= Laus Pisonis =

1st century AD Latin verse panegyric

The Laus Pisonis (Praise of Piso) is a Latin verse panegyric of the 1st century AD in praise of a man of the Piso family. The exact identity of the subject is not certain. Some scholars identify him with Gaius Calpurnius Piso, the leader of a conspiracy against Nero in AD 65; Others argue for a later date, one possible candidate being a Piso mentioned by Pliny the Younger as the young author of a poem in Greek, who became consul in 111 AD. The Latinity is straightforward; the subject is praised for his oratorical ability as an advocate in law cases, for the kindness with which he maintains his house open to poor men of talent, but also for his skill at playing ball, composing poetry in Greek, and especially the board game of latrunculi, for which the poem is one of our main sources.
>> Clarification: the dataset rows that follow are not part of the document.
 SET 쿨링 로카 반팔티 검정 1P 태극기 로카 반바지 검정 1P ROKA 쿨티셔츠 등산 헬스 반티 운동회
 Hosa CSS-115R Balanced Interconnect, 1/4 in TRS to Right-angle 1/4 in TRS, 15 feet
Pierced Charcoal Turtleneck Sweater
The author three times addresses Piso as a iuvenis ("young man"), but also mentions that he had been consul and had made a speech in the senate praising the Emperor.
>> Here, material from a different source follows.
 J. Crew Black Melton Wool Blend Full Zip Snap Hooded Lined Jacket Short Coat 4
About the author of the work there is considerably more doubt; it has been attributed to Saleius Bassus, Statius, Lucan and Calpurnius Siculus among others. Whoever he was, the author says in the concluding verses of his poem that he was not yet twenty years old.
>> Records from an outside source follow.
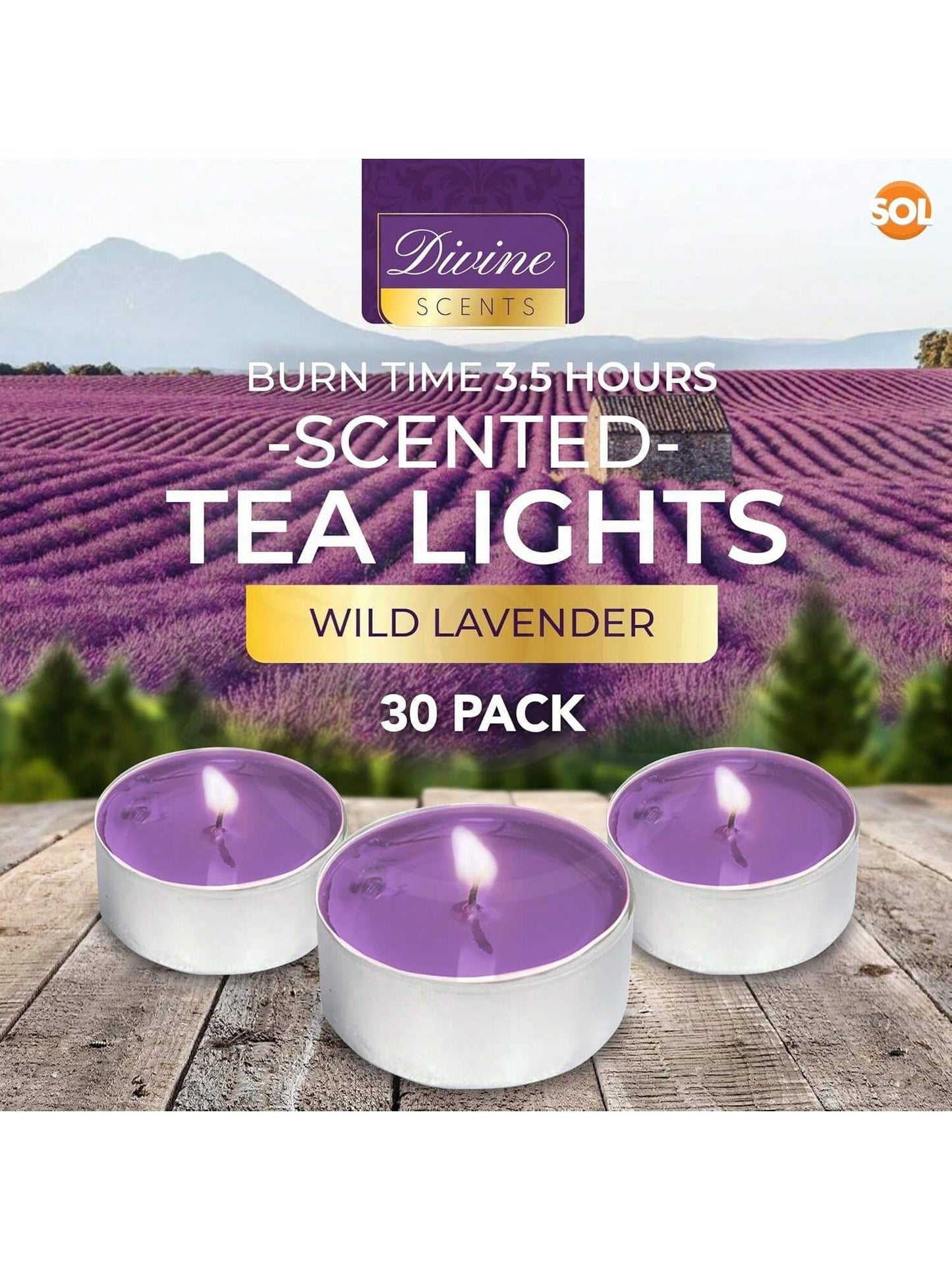 SOL 30pk Tea Light Candles Wild Lavenders – 3.5 Hour Burn Time, Scented Tea Lights Candles, Long-Lasting And Ideal Home Decor, Relaxation, Romantic Dinners, Weddings, Cosy Evenings & Special Occasion
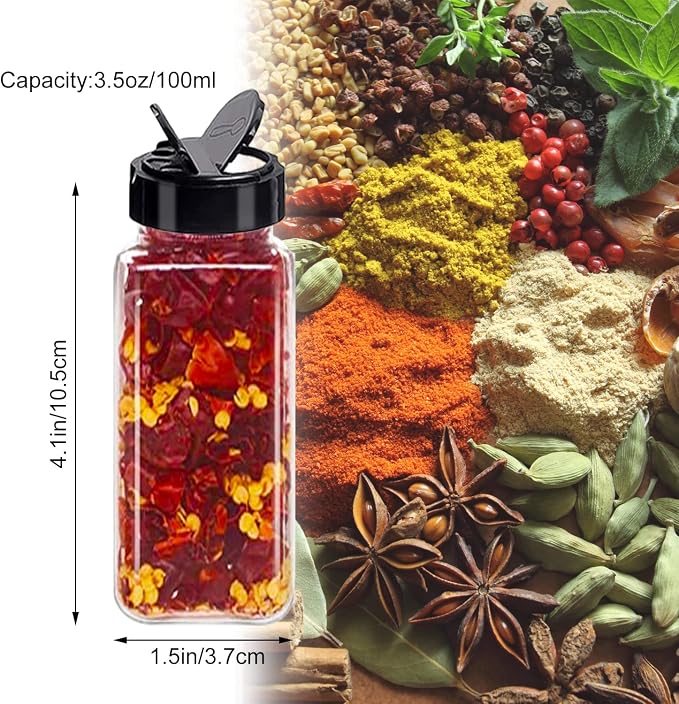 Tiaiidi 24 Pack 3.5 oz Square Plastic Spice Jars, Seasoning Containers - Image 2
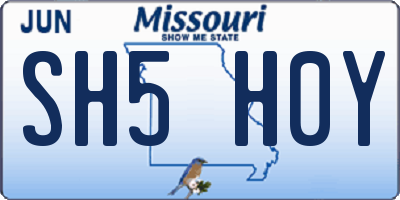 MO license plate SH5H0Y
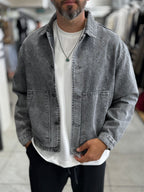 Gray Front Pocket Oversized Denim Jacket DF-3501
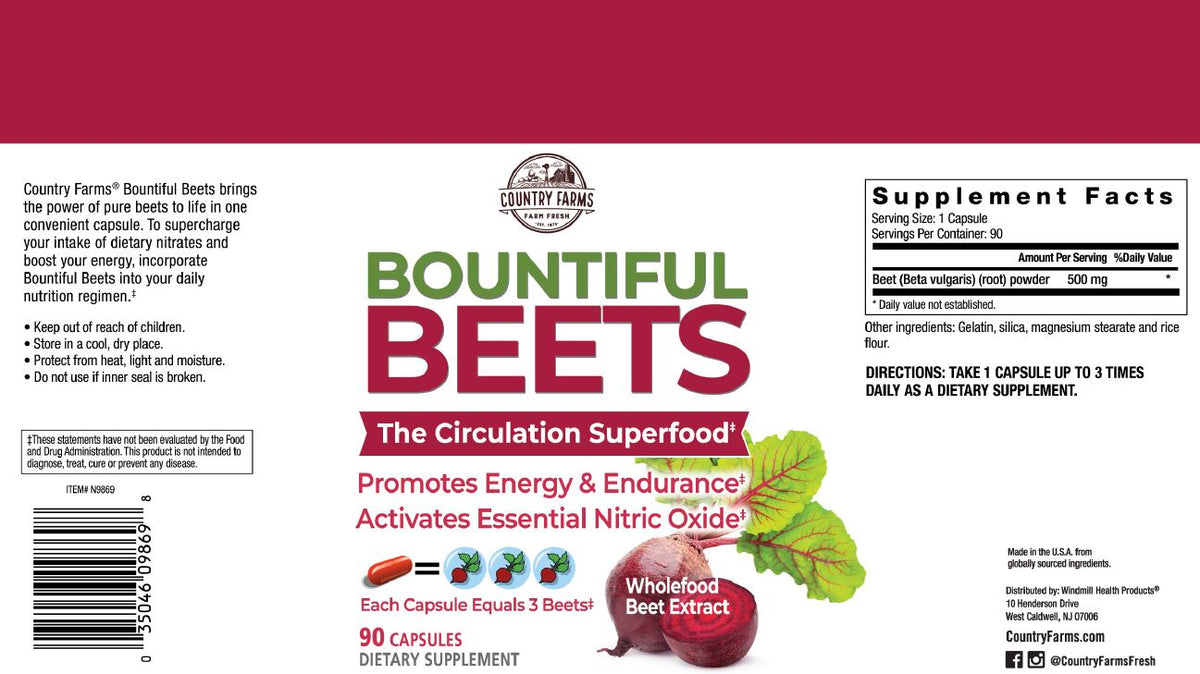 COUNTRY FARMS Bountiful Beets Capsules, Wholefood Beet Extract Superfood, Natural Nitric Oxide Booster, Beet Root Powder, Circulation and Immune Support, 90 Count, 90 Servings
The work, comprising 261 dactylic hexameters, has come down via a single manuscript once preserved in the monastery of Lorsch, and now lost; although sizeable portions were also preserved in several medieval florilegia, the manuscripts of which are still extant. The editio princeps is in J. Sichard's edition of Ovid, Basel, 1527, and the work has seen about a dozen editions over the centuries, having drawn the attention of Joseph Scaliger and Emil Baehrens among others. A restoration of the archetype of the florilegia was published by Berthold Ullman.

==Summary==
– 1 The writer wonders which to praise more, Piso's own virtues or his noble ancestry, since the Calpurnian family descend from Calpus (son of King Numa Pompilius).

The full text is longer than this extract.